Sir, as a doubly qualified maxillofacial trainee who qualified as a dentist in 2005, then a doctor in 2011, I have had the misfortune to see contracts imposed on both of my professions by successive governments. The 2006 dental contract came under much criticism due to its rushed implementation, cost cutting measures and little emphasis on prevention, and the new contract due to be implemented in 2018/19 is currently being piloted in practices across the country.1

Having first looked at trends in cervicofacial infections requiring surgical treatment in 2006,2 we completed a prospective survey of all those presenting in Leeds, Mid Yorkshire, York and Hull across a one month period completed in April 2016, ten years following imposition of the new contract.

The number of patients presenting with cervicofacial infections requiring surgical treatment in this 30-day period was 66, over a 4 × increase in the same period ten years ago. Fifty-six percent presented directly to accident and emergency without primary care input compared to 48% previously, and overall, 44% had no registered dentist compared to 56% ten years ago.
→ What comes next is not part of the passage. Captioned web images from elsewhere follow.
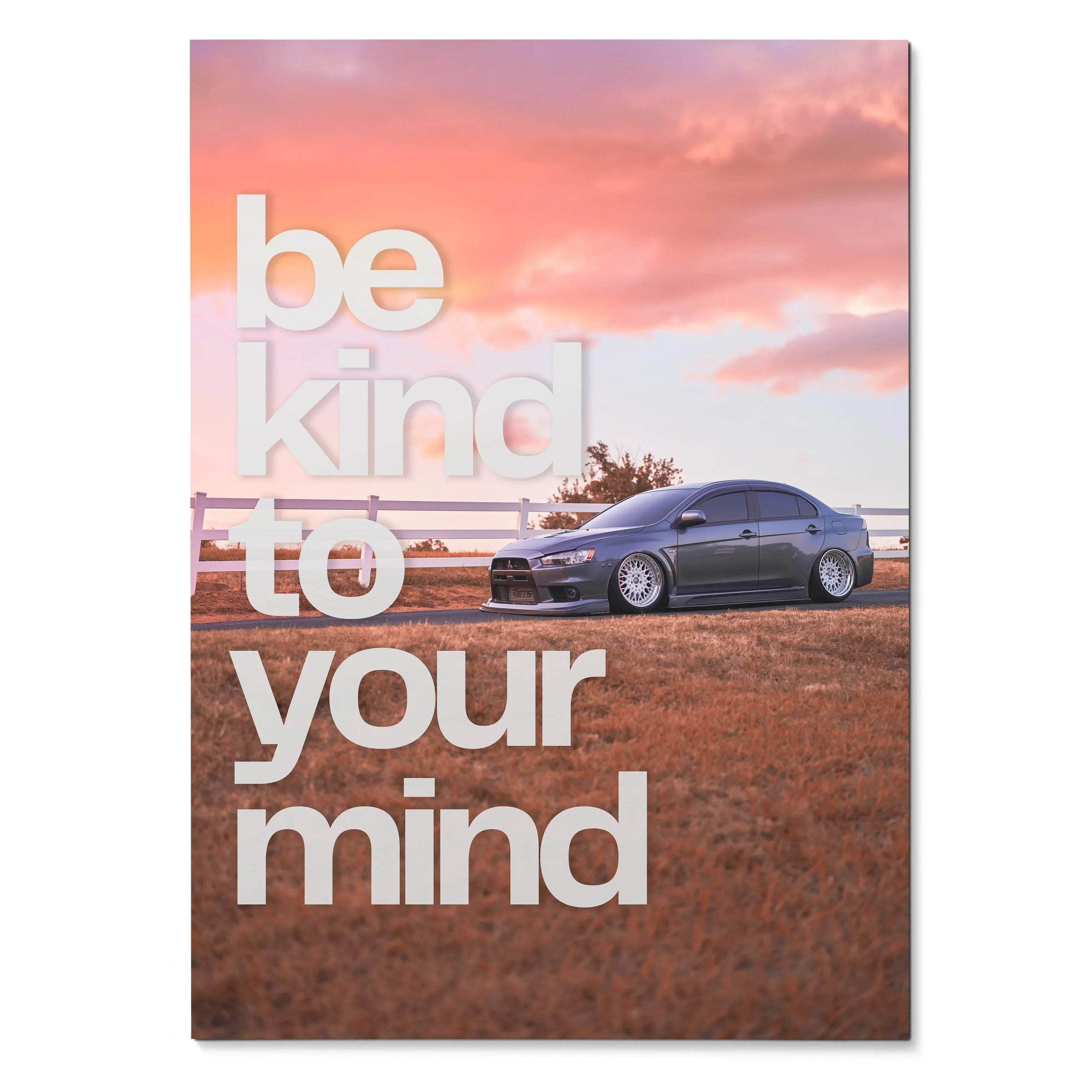 Motivational poster wall art with Mitsubishi Evo 10 under a pink sunset sky and white "be kind to your mind" text.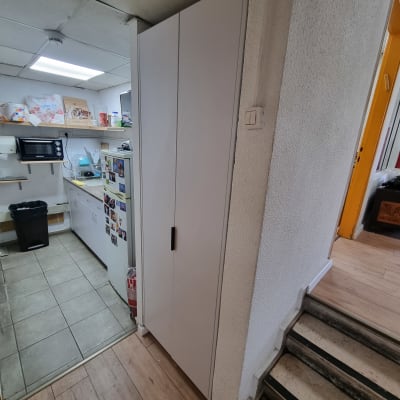 ארון לבן במטבח עם מדפים וכלים שונים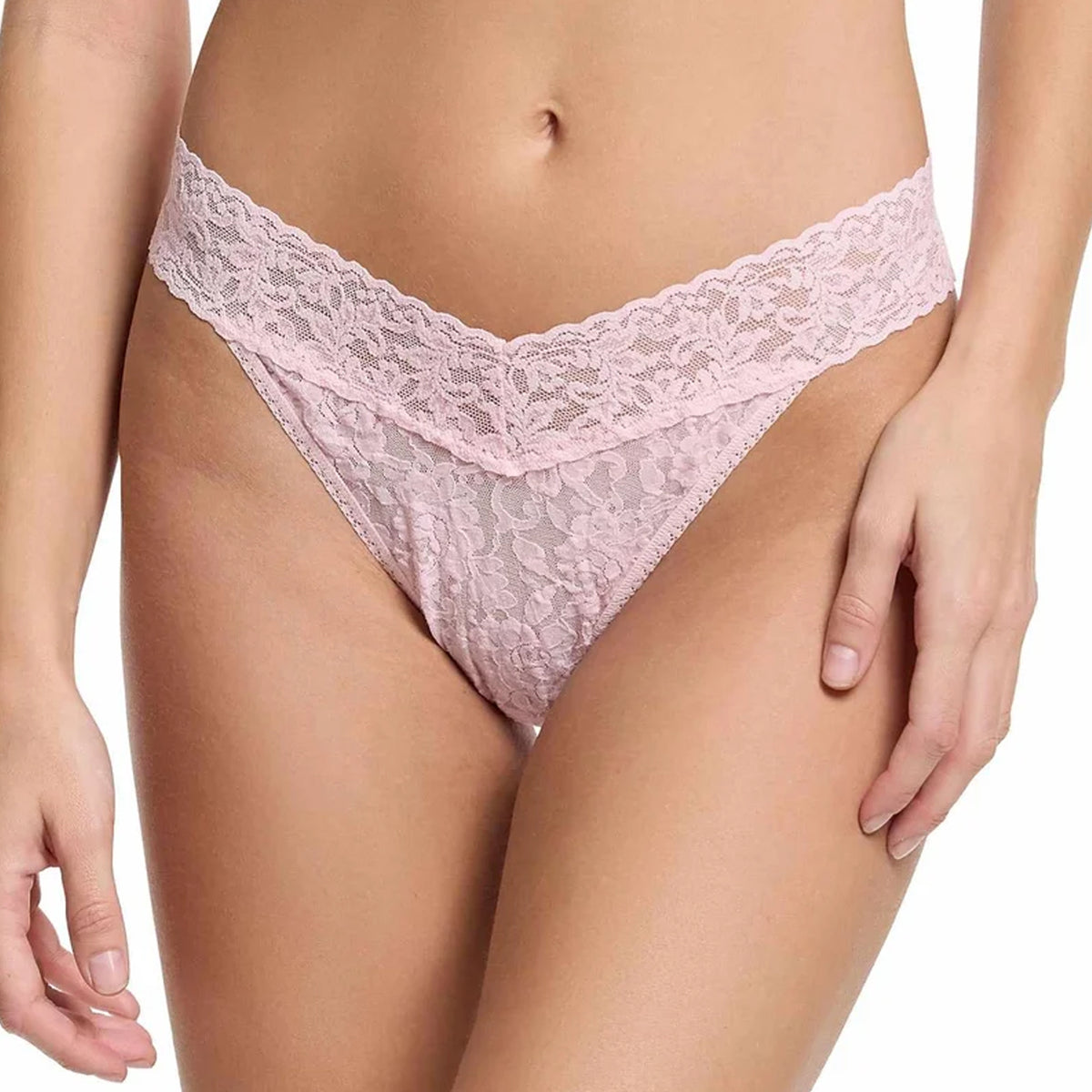 Model wearing the Hanky Panky Signature Lace Original Rise Thong in Bliss Pink, featuring sheer floral lace, a wide scalloped waistband, and a flattering V-shaped front.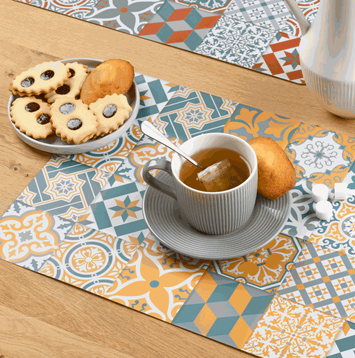 Tischset Ornamente aus Kunststoff in Blau, Grau und Orange mit rechteckigem Patchwork-Muster und Ornamenten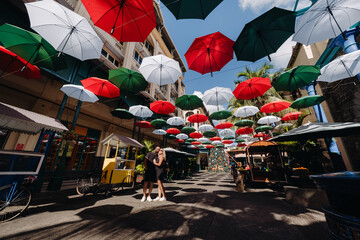 Port Louis, Mauritius, a black-clad couple stands on an umbrella-covered city alley leading to the capital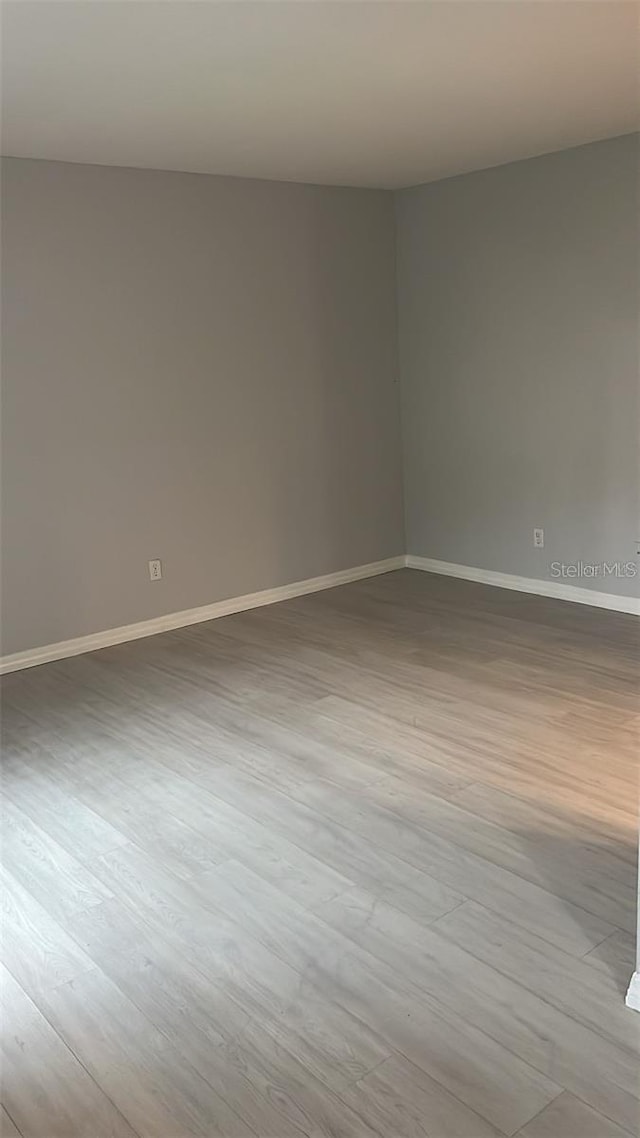 empty room with light hardwood / wood-style flooring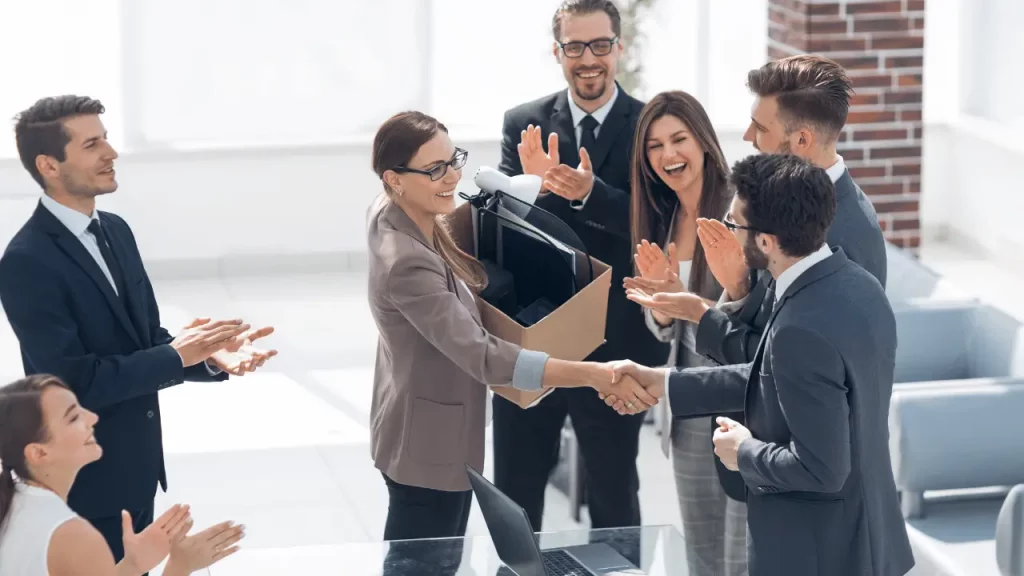 Equipe de trabalho reunida, interagindo  de maneira descontraída. No centro da imagem, há uma mulher com uma caixa de papelão em baixo d eu dos braços, cumprimentando um homem. 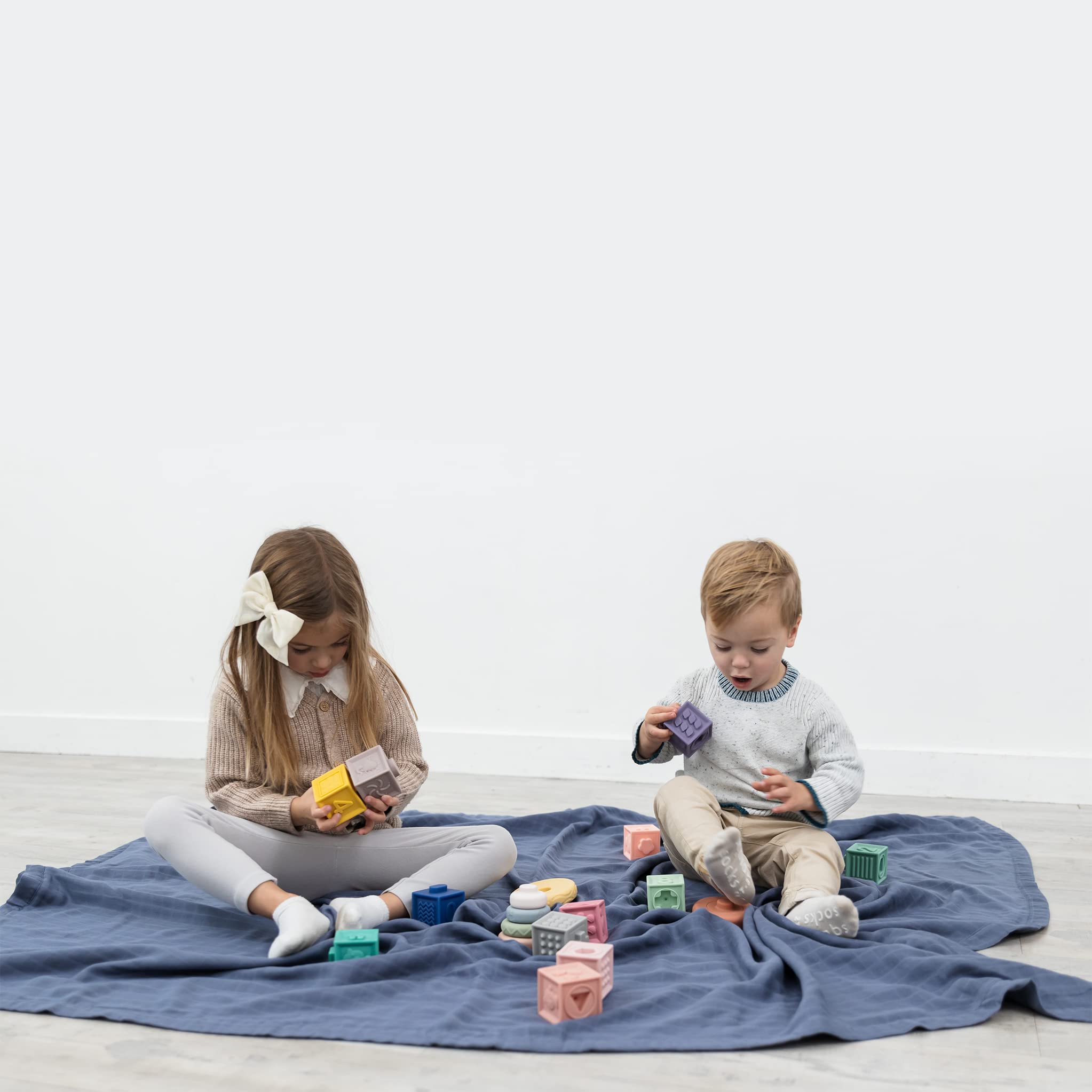 Natemia muslin baby blanket breathable fabric ideal for all-season comfort.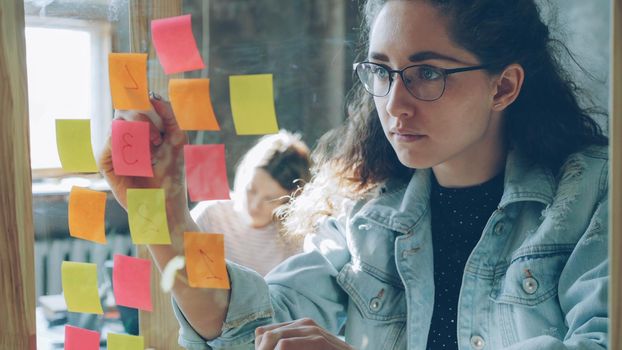 Close-up of young creative entrepreneur numbering coloured stickers on glassboard while working together with female colleague in modern office indoors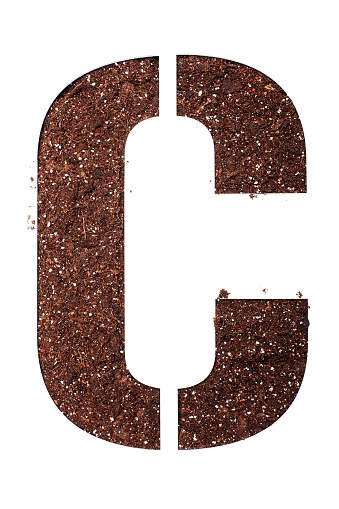 stencil letter C made above dirt on white surface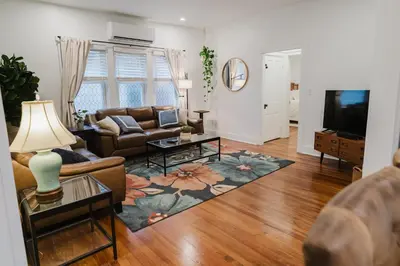 a living room with a couch and a tv at Garden Retreat Steps from Downtown Lewisburg in Lewisburg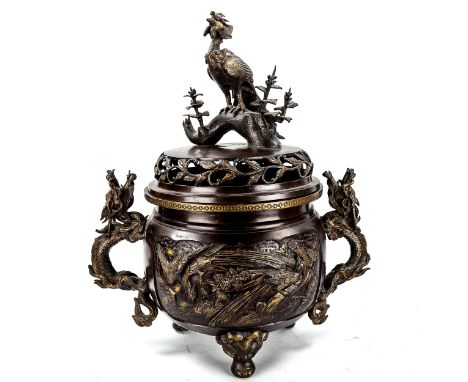 A large Chinese patinated bronze incense burner, with exotic bird finial, parcel gilt relief cast panels and dragon handles, 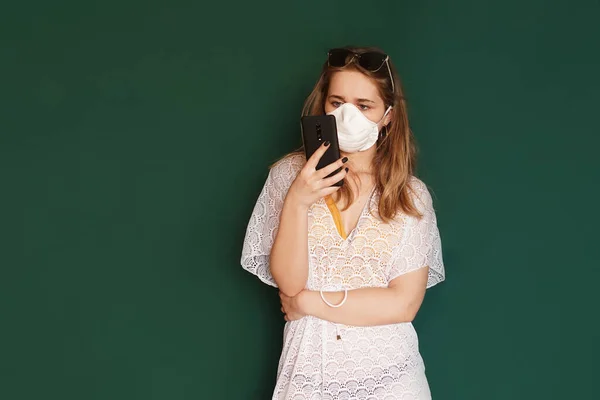 Chica turista en una máscara médica con el teléfono en las manos sobre un fondo verde —  Fotos de Stock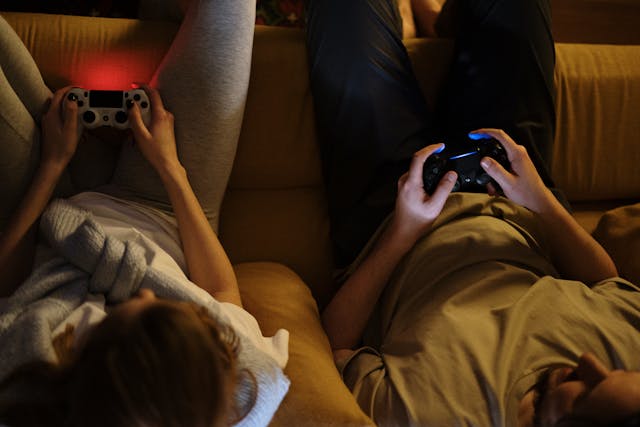 Two players holding two controllers.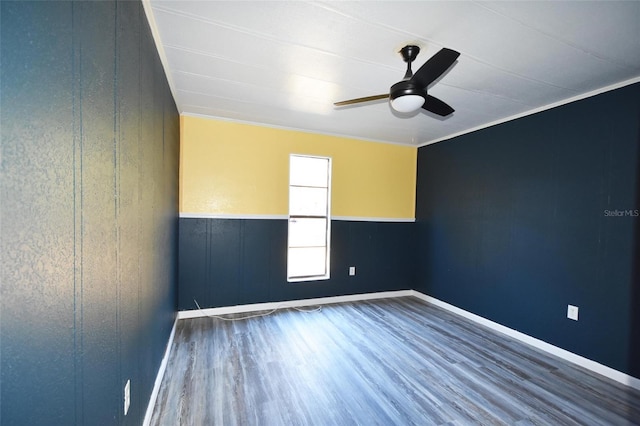 empty room with ceiling fan, ornamental molding, and hardwood / wood-style flooring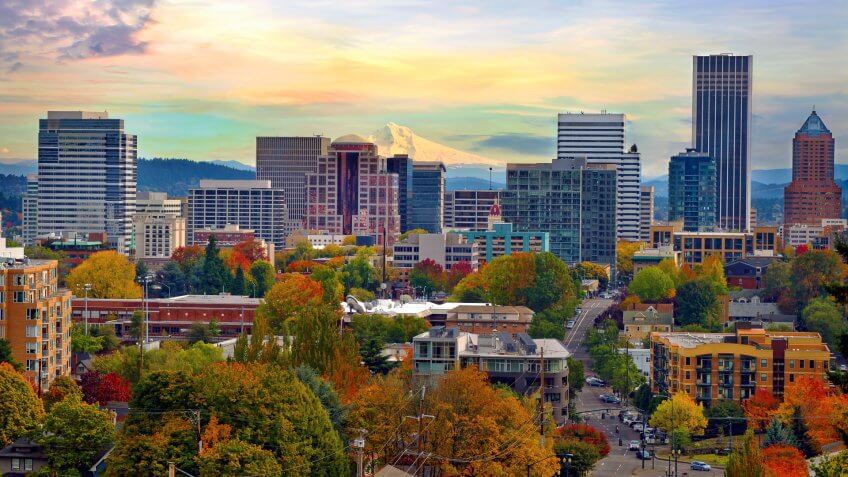 One beautiful Autumn day in Portland Oregon downtown from Vista Bridge with view of Mount Hood City Skyline and Trees with Fall Color Foliage.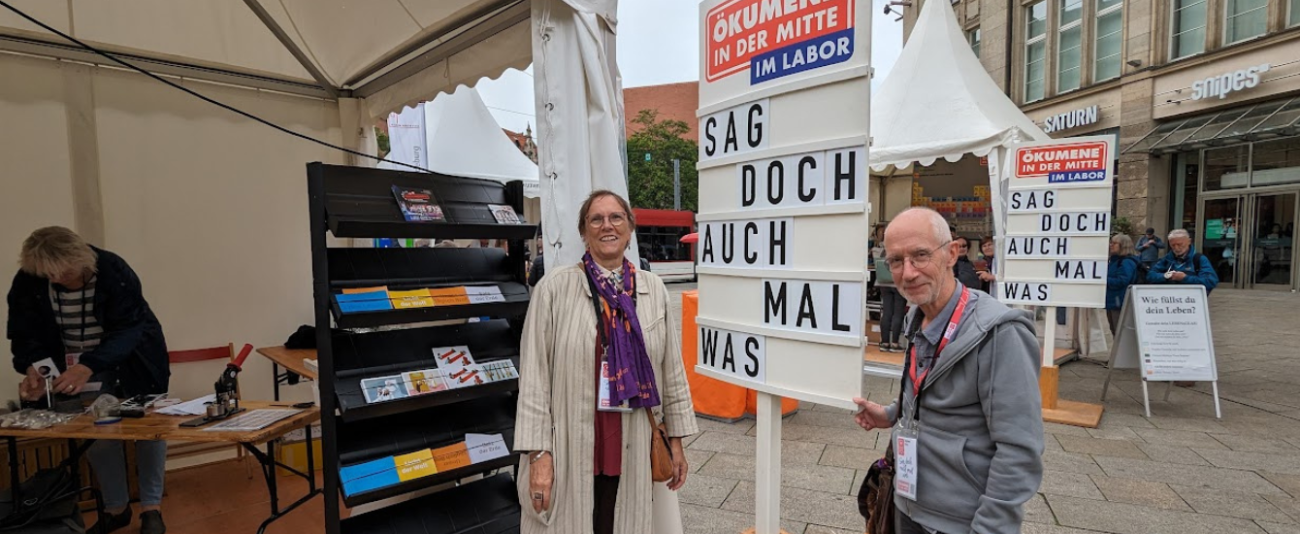 Zwei Menschen stehen neben einem Schild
These results are alarming, and although the reasons are presumably multifactorial, it does lead to concerns about further pressures on an already troubled system. Death from dental sepsis is rare in the United Kingdom,3 but every dental abscess must be considered potentially life threatening if left untreated. The increased workload on accident and emergency, in addition to the unplanned activity in emergency theatres, can only be assumed to negatively impact care elsewhere. We must ensure as a profession that any new dental contract addresses the issues of access and preventative dental care to hopefully slow this troubling trend, and ease the burden on an already stretched system.